El despliegue operativo de la AFE en las diversas jurisdicciones del territorio nacional abarca desde el monitoreo temprano hasta la rehabilitación posdesastre, un espectro de responsabilidades que requiere una actualización tecnológica y logística constante. En la actualidad, el organismo optimiza los recursos disponibles para dar cobertura a incidentes de diversa escala; no obstante, la naturaleza de las amenazas contemporáneas demuestra que los esquemas de financiamiento tradicionales y presupuestarios suelen resultar insuficientes para adelantarse a la curva del riesgo. La protección de las cadenas de suministro locales e internacionales y la salvaguarda de la infraestructura crítica argentina —centrales energéticas, redes de transporte y sistemas de distribución de agua— demandan inversiones de capital intensivo que superan la capacidad de respuesta coyuntural y exigen una planificación financiera a largo plazo.
Frente a este desafío, surge la necesidad técnica de diseñar herramientas de financiamiento complementarias que garanticen la sostenibilidad de las políticas de resiliencia sin sobrecargar las arcas públicas del Estado argentino. Una alternativa viable y estratégicamente alineada con las mejores prácticas internacionales consiste en la creación de un fondo de afectación específica, nutrido por el cinco por ciento del valor neto de todas las primas de seguros emitidas en el mercado asegurador del país. Este modelo no debe interpretarse como un gravamen adicional a la actividad, sino como una inversión de retorno colectivo en la que el propio sector asegurador y la economía en general se ven beneficiados mediante la drástica reducción de la siniestralidad y la preservación del valor de los activos asegurados en suelo nacional.

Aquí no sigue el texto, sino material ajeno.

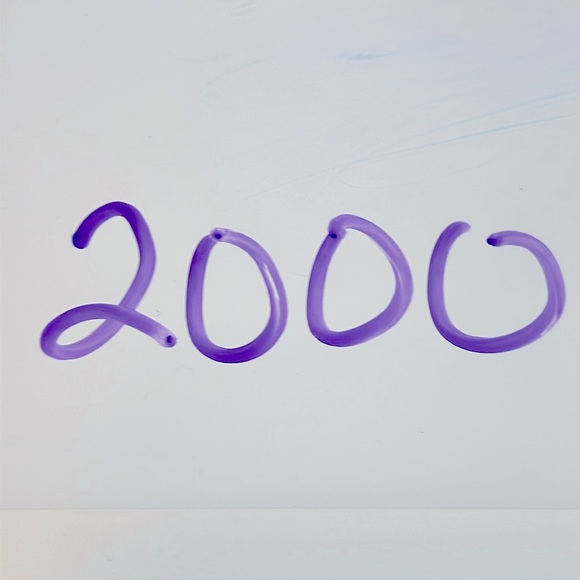 Briggs Women’s linen & Rayon Shorts. Size Medium. Black & White. 4 Pockets. - Picture 7 of 8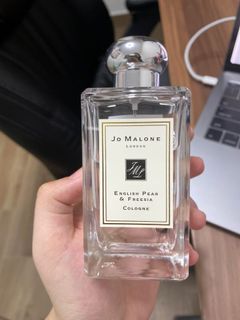（分類：）位於 。 由 chloewho 提交（商品編號 1043158200，圖片 1）。簡介： 。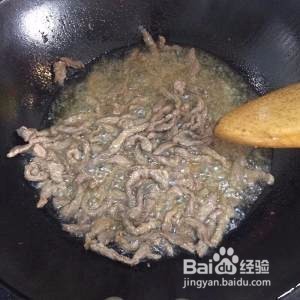 下酒神器——冷吃牛肉怎么做?详细教程图解~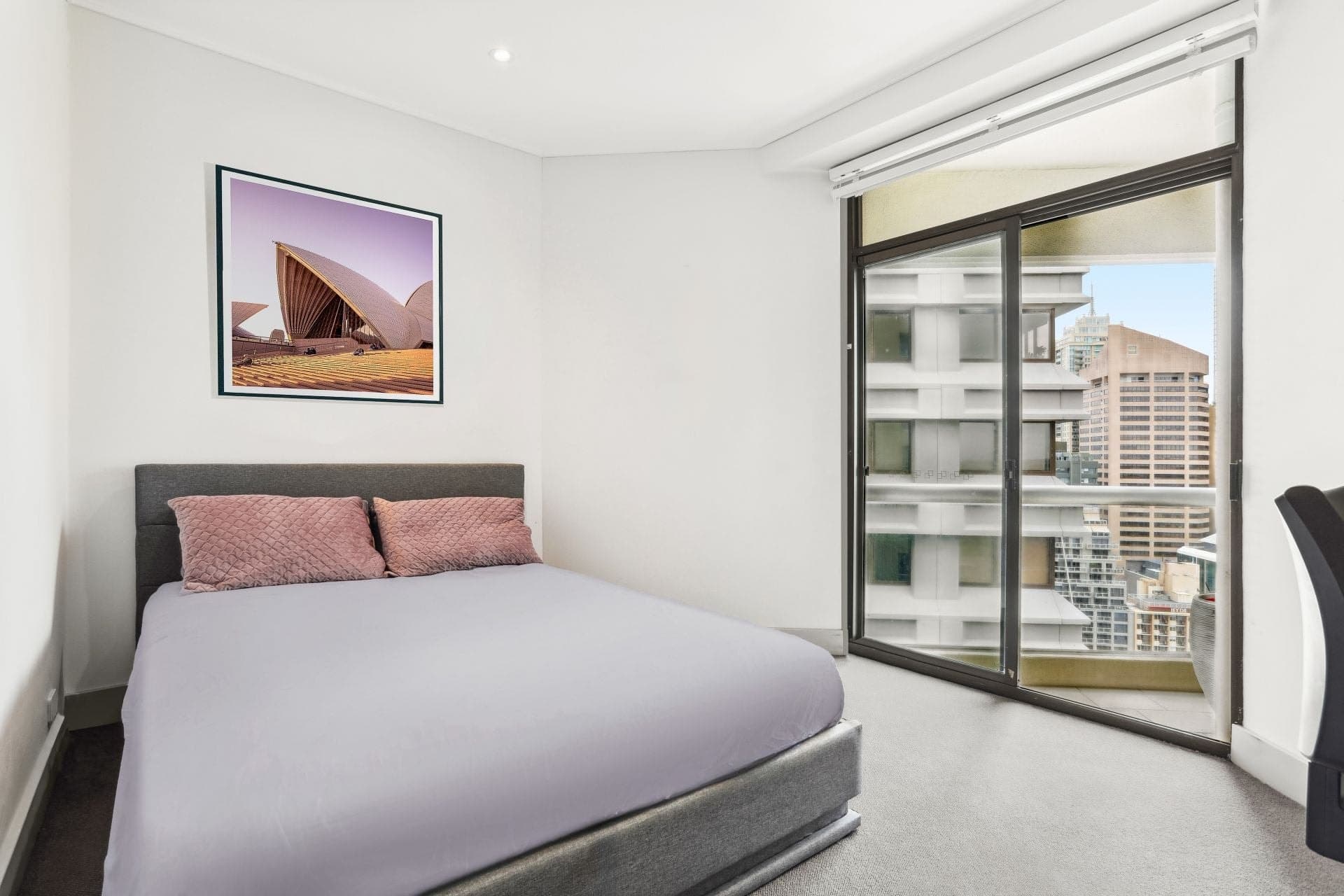 2402/187 Liverpool Street, Sydney NSW, Sydney - Thumbnail 8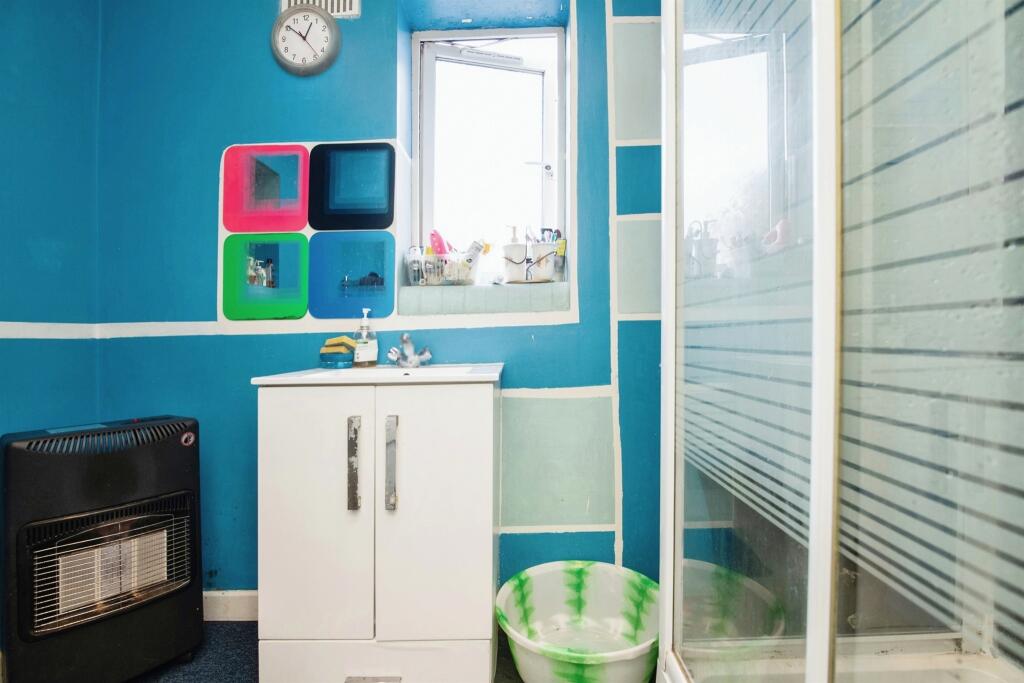 Additional image 10 of Chester Road, WEST BROMWICH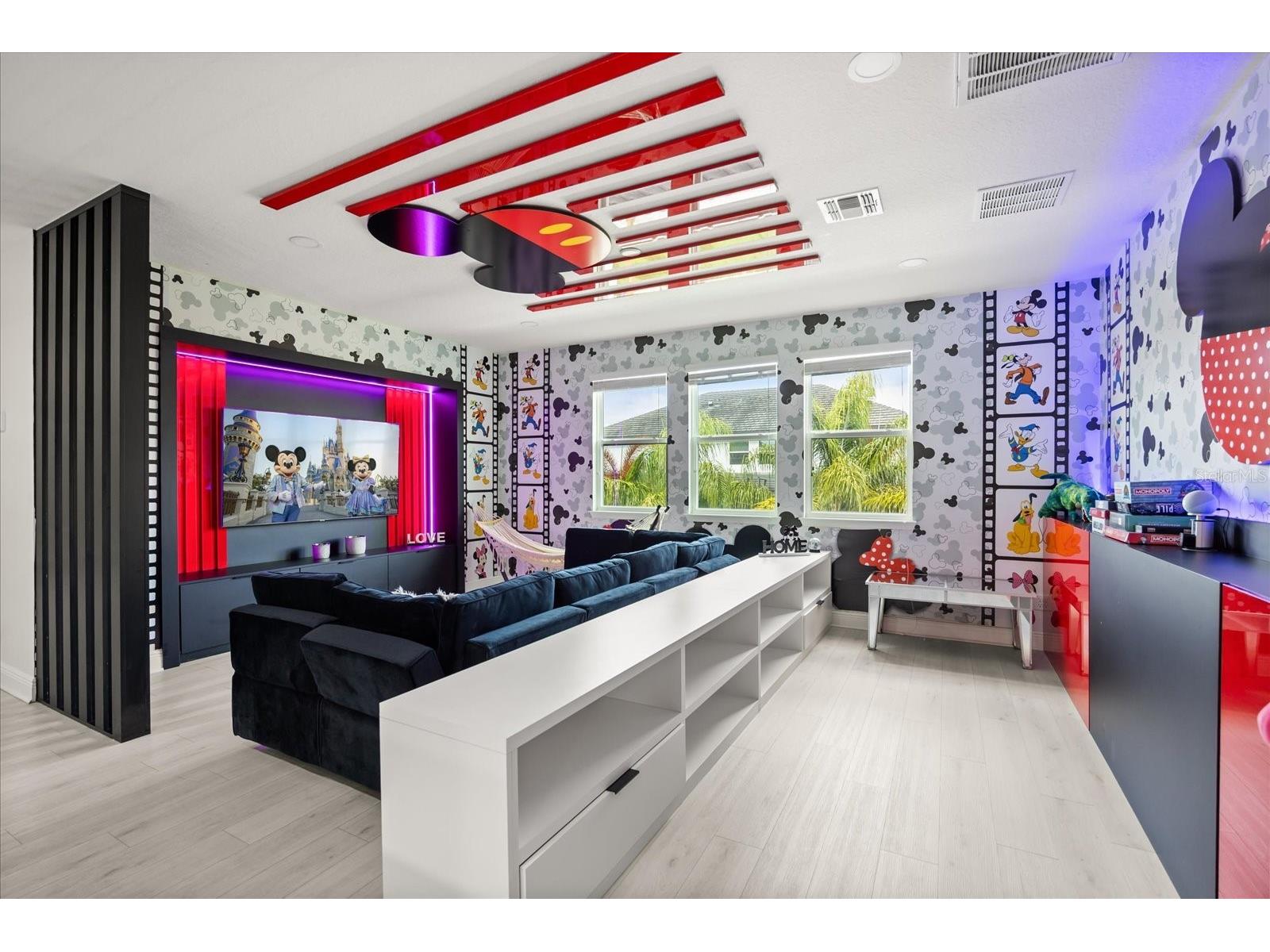 8109 Ludington Circle Orlando FL 32836 O6382200 image22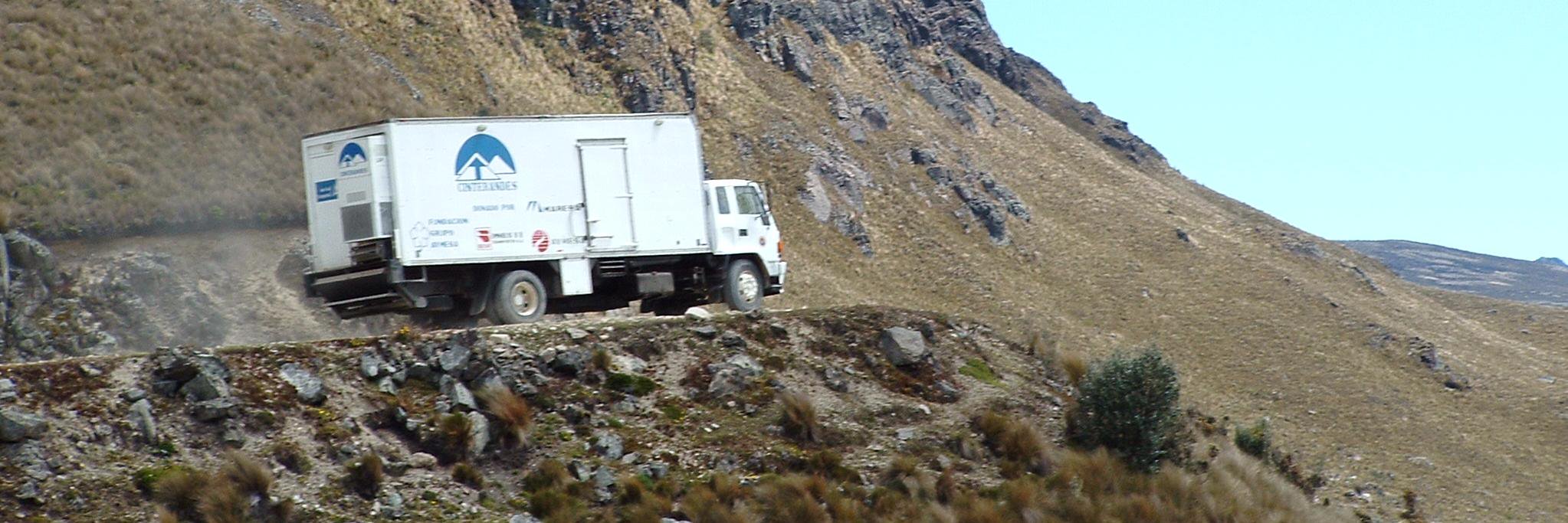 CINTERANDES's profile banner image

La aplicación de estos recursos permitiría estructurar una estrategia tripartita orientada a consolidar la seguridad nacional y la resiliencia de las comunidades. En primer lugar, facilitaría la inversión directa en infraestructura crítica nacional diseñada bajo criterios de bioclimatismo y alta resistencia, mitigando el impacto físico de las inundaciones, sequías u otros fenómenos extremos antes de que se traduzcan en pérdidas materiales. En segundo término, robustecería los trabajos en clave preventiva, financiando la modelación hidrodinámica de cuencas, la actualización de mapas de riesgo municipales y los sistemas de alerta temprana. Finalmente, garantizaría la adquisición de equipamiento de última tecnología para los equipos de respuesta en el campo, asegurando que la capacidad logística federal esté a la altura de las contingencias más severas.
La viabilidad de esta propuesta radica en su enfoque colaborativo y preventivo, el cual resguarda los equilibrios macroeconómicos del país al tiempo que fortalece las capacidades institucionales. Fortalecer a la AFE mediante un flujo de fondos previsible y robusto constituye un paso indispensable para transitar de una cultura puramente reactiva ante la emergencia hacia una verdadera gobernanza del riesgo en la República Argentina. En última instancia, proteger los nodos logísticos y las redes de infraestructura mediante una institución sólida y bien financiada no es solo una medida de seguridad civil, sino una salvaguarda estratégica para la competitividad económica y el desarrollo sostenible de la nación.